A new hub is being trialled which should work in 96.5% of homes. This should be available in 2018. Energy suppliers will provide a solution for the remaining homes.

Your energy meter is kept in a confined space, too small for smart meter installers to work

If your meter is in a small cupboard or another confined space, then the technician can't install your smart meter. They may ask you to dismantle the cupboard or move other obstacles to reach the meter.

If your old meter was faulty, your energy payments will change

If you had a faulty old meter, your bills may change with a new, accurate smart meter. An energy company can charge you retrospectively for the previous year if you have paid too little. If you have paid too much, your supplier has to refund you for the whole period that the meter was faulty.

You have solar panels and a smart meter is not compatible

We’ve heard from members with solar panels who have been refused a smart meter, and from others who have had a smart meter installed that does not work with their solar panels.

The government department for Business, Energy and Industrial Strategy (BEIS) told us that all smart (SMETS) meters can measure energy consumed (imported) and exported back into the grid. Smart Energy GB states that in-home displays will show how much energy you’re buying from your supplier, but not necessarily energy you generate. (Solar panel owners already have a PV-generation meter that tells them how much electricity their system is generating.)

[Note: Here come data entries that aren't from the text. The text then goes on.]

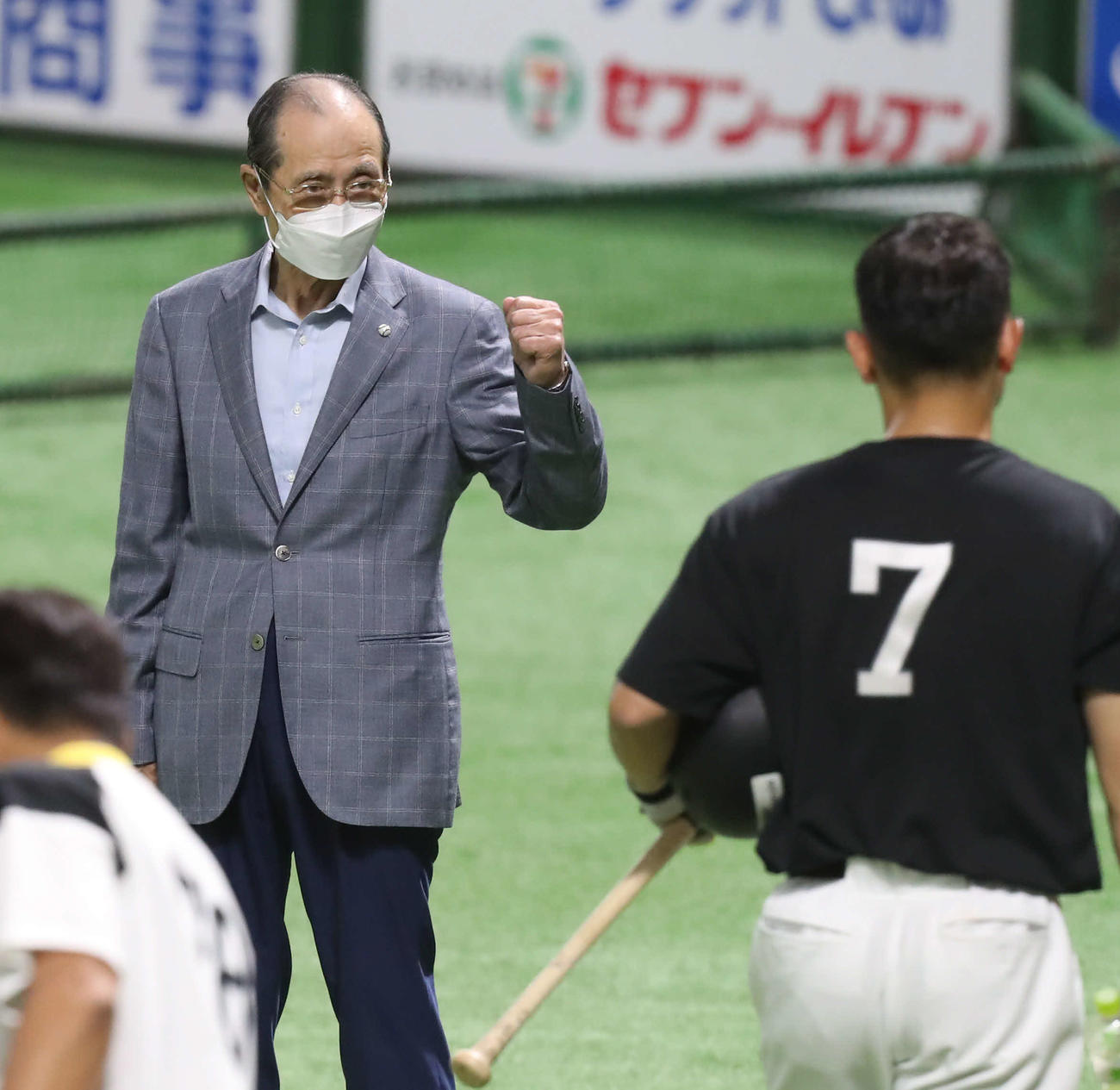 中村晃（右）とあいさつを交わす王球団会長（撮影・屋方直哉）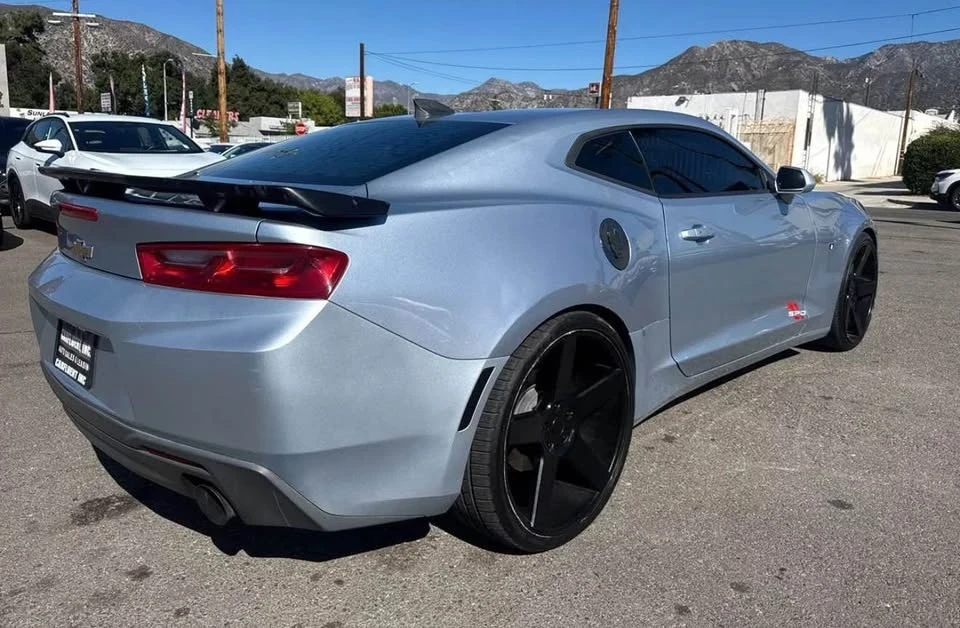 2017 Chevrolet Camaro 6th Gen - Image 5 of 15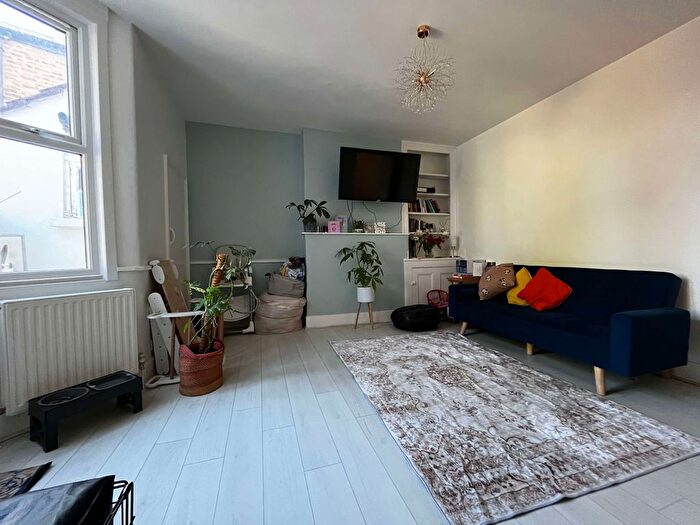 3 Bedroom End Of Terrace House For Sale In Richmond Road, Thornton Heath, CR7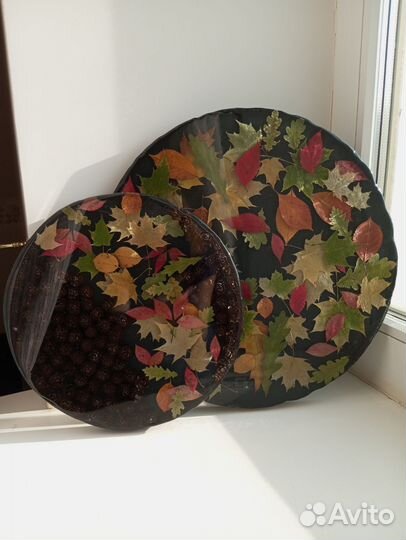 Сервировочное блюдо из эпоксидной смолы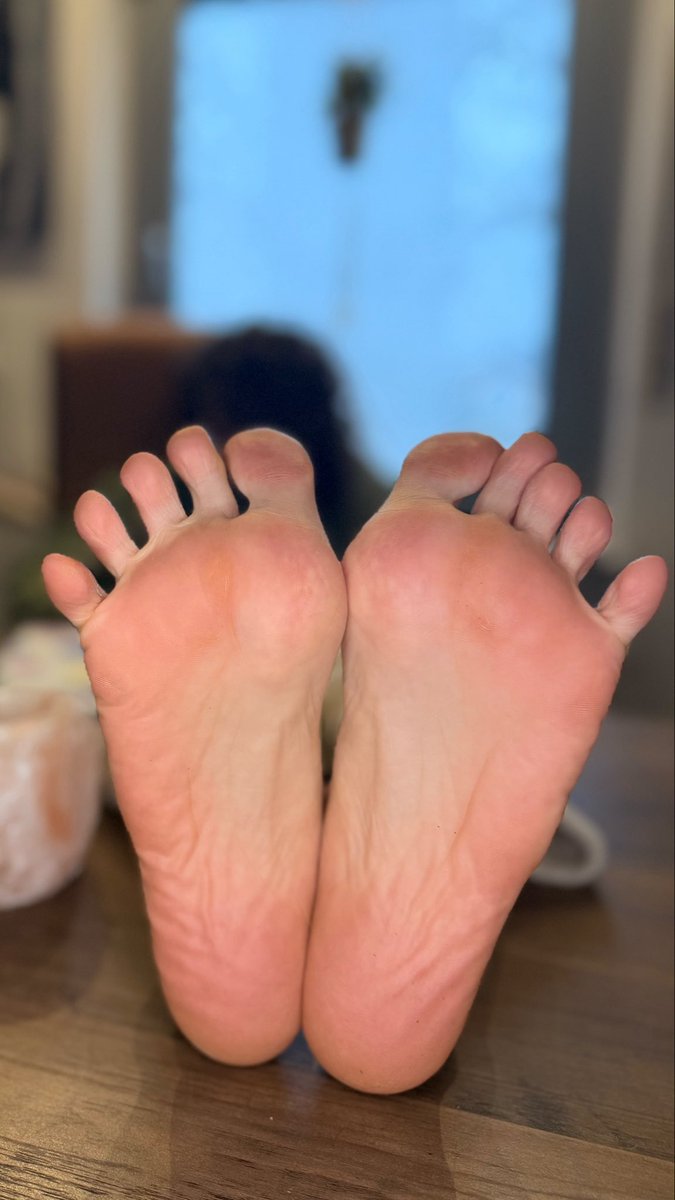 Miss Zavie tweet media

EDF says it has installed smart meters for customers with solar panels. British Gas, First Utility, Ovo Energy and Utilita told us that they are also able to install smart meters at homes with solar panels. SSE is also able to install but advises customers to wait until technical constraints are resolved.

Neither Eon nor Npower are yet installing smart meters for customers with solar panels. Eon hopes to being in the ‘coming months’, following industry-wide technical problems in the earlier stages of the roll-out which have now been resolved. 

Scottish Power told us it could not share this commercially sensitive information with us.

If you have solar panels and are offered a smart meter, make sure your supplier is aware. Check whether your smart meter and in-home display will work fully with them.